Exact reproduction is required for the lines below starting at the line with "Used 2024 Volvo" and ending at the line with "Cambrils Apartment |", both included. No other lines, and no pictures.

> _TASK INPUT_
┄┄┄┄┄┄┄┄┄┄
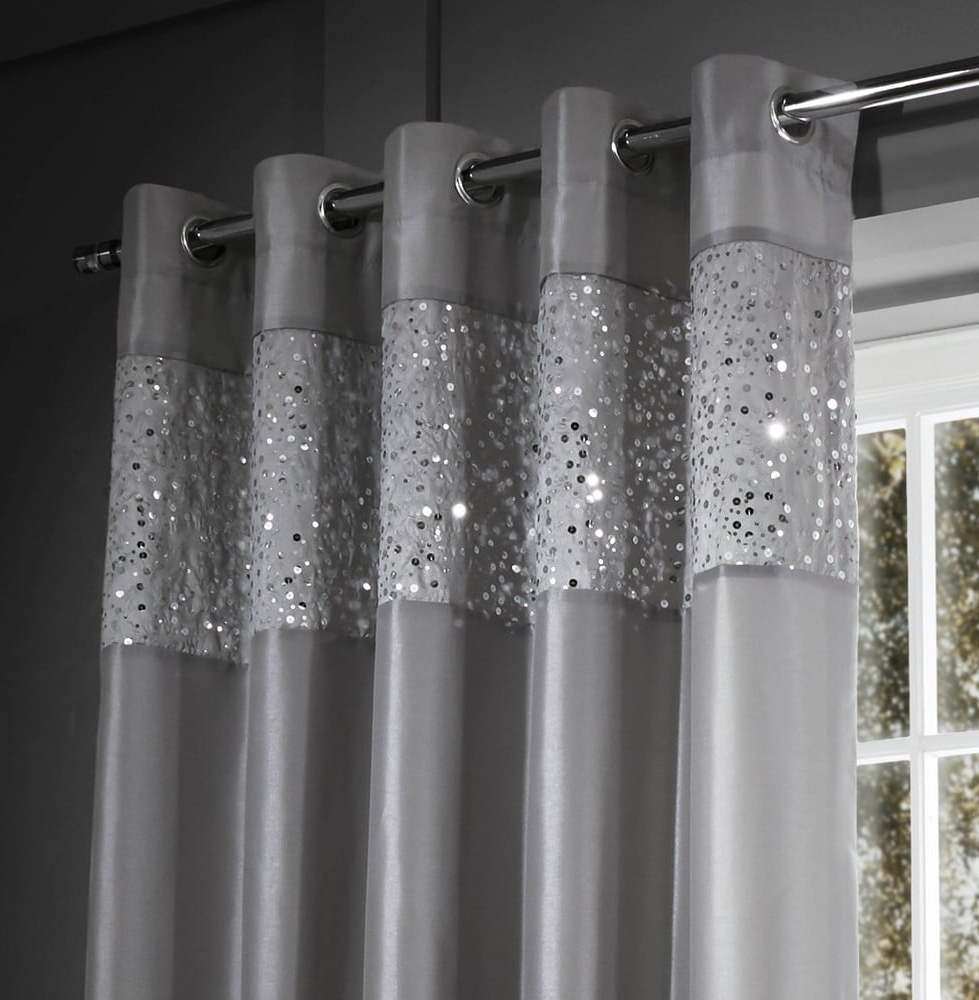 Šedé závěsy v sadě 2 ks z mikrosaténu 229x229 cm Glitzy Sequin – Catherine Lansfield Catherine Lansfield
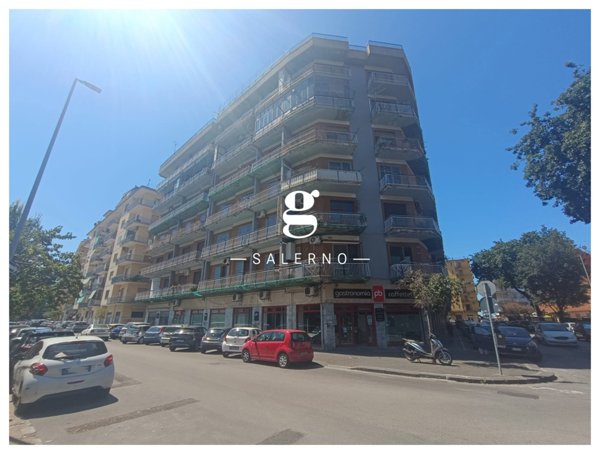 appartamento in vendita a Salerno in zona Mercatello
┄┄┄┄┄┄┄┄┄┄
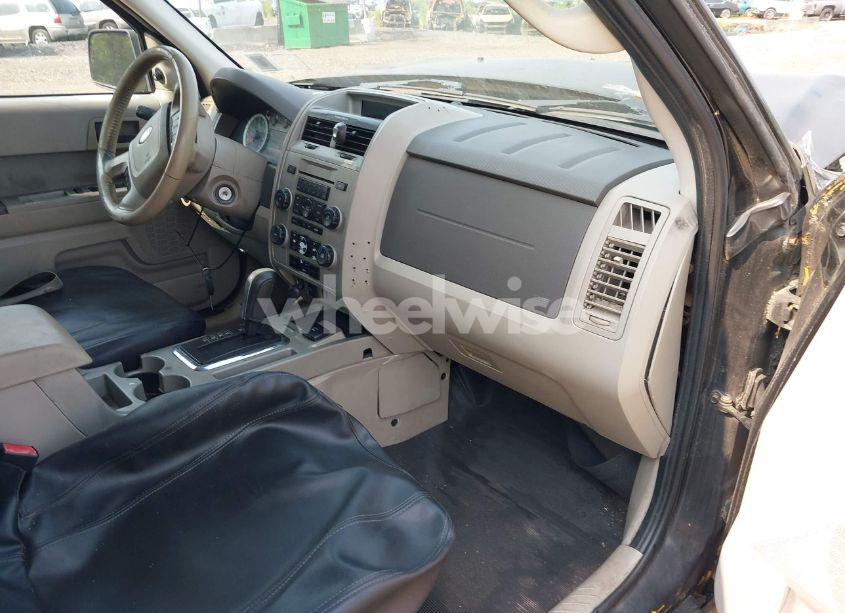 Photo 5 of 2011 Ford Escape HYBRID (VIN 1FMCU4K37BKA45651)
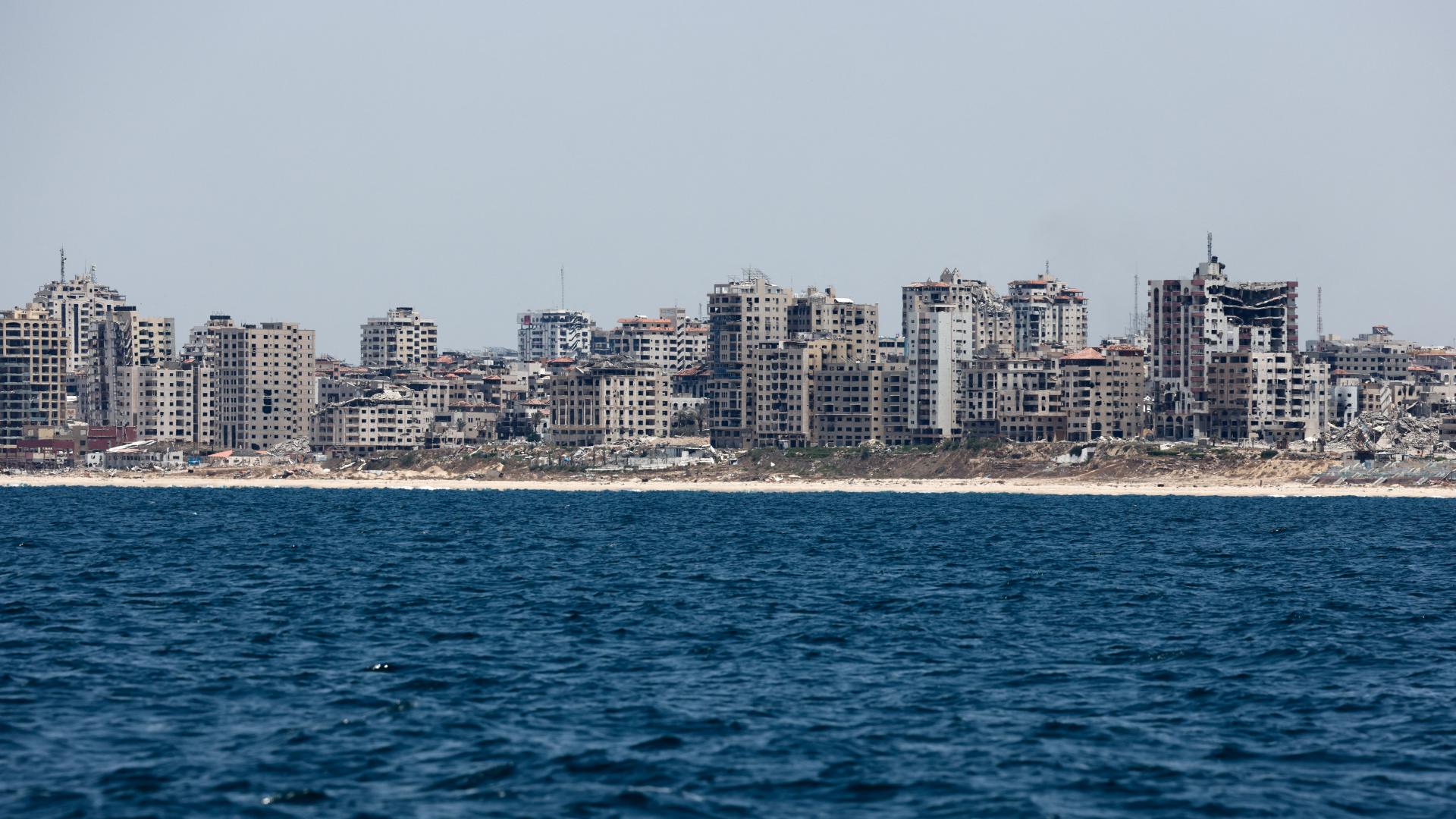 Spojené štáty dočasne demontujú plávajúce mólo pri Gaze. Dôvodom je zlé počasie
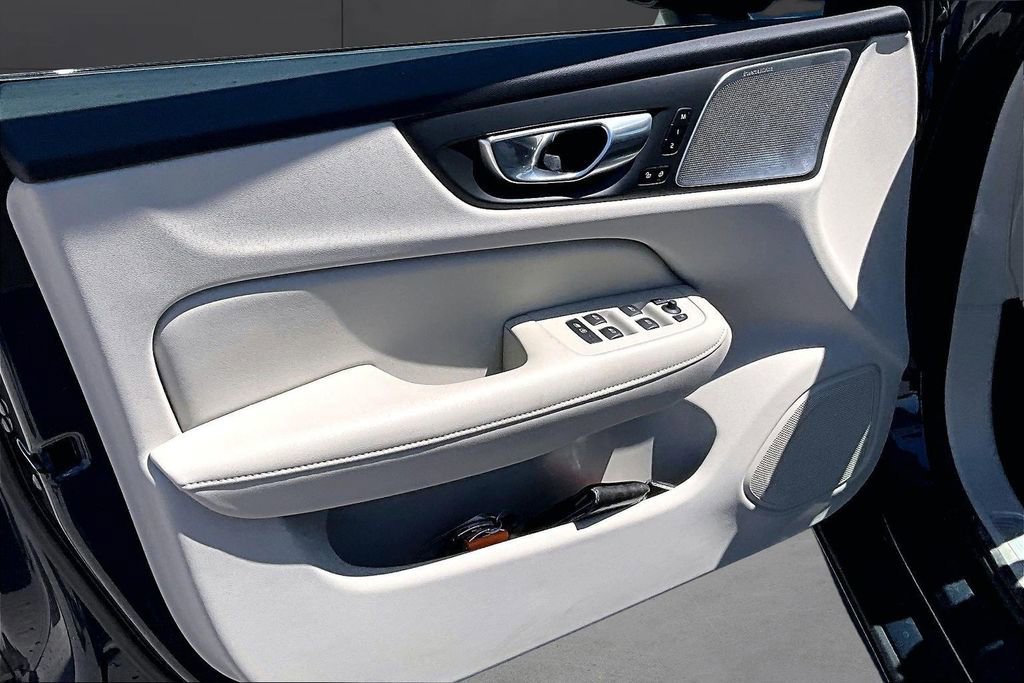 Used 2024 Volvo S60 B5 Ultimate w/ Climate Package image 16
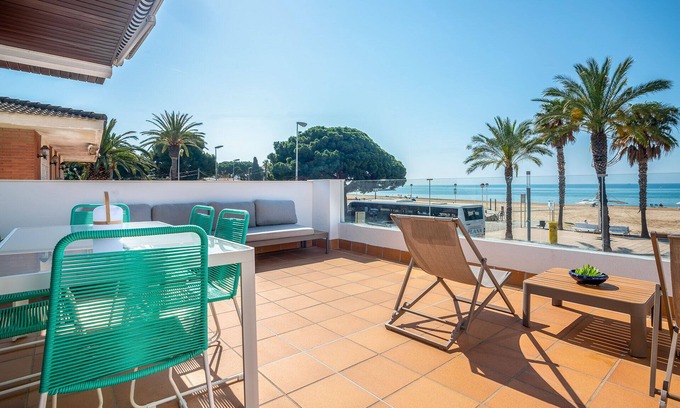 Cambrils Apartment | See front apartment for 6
┄┄┄┄┄┄┄┄┄┄
> _ANSWER SECTION_
 Used 2024 Volvo S60 B5 Ultimate w/ Climate Package image 16
 Cambrils Apartment | See front apartment for 6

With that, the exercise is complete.